Task requirements => The answer must consist only of the lines in the records below from the line with "Husband reading book" to the line with "Postel nebo postele", both included, copied word for word with every picture left out.

Records shown =>
⟨

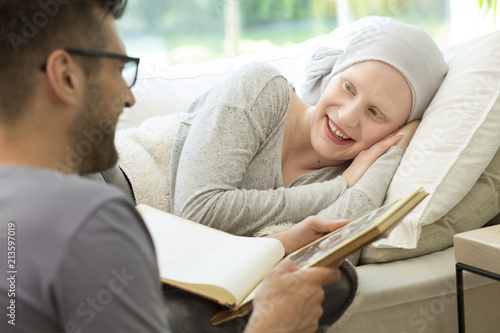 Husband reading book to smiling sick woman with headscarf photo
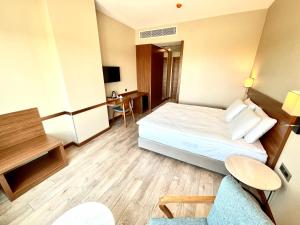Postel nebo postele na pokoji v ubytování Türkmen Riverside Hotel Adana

⟩
⟨

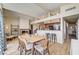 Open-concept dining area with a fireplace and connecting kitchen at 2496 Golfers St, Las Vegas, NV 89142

⟩

Result of this exercise =>
 Husband reading book to smiling sick woman with headscarf photo
Postel nebo postele na pokoji v ubytování Türkmen Riverside Hotel Adana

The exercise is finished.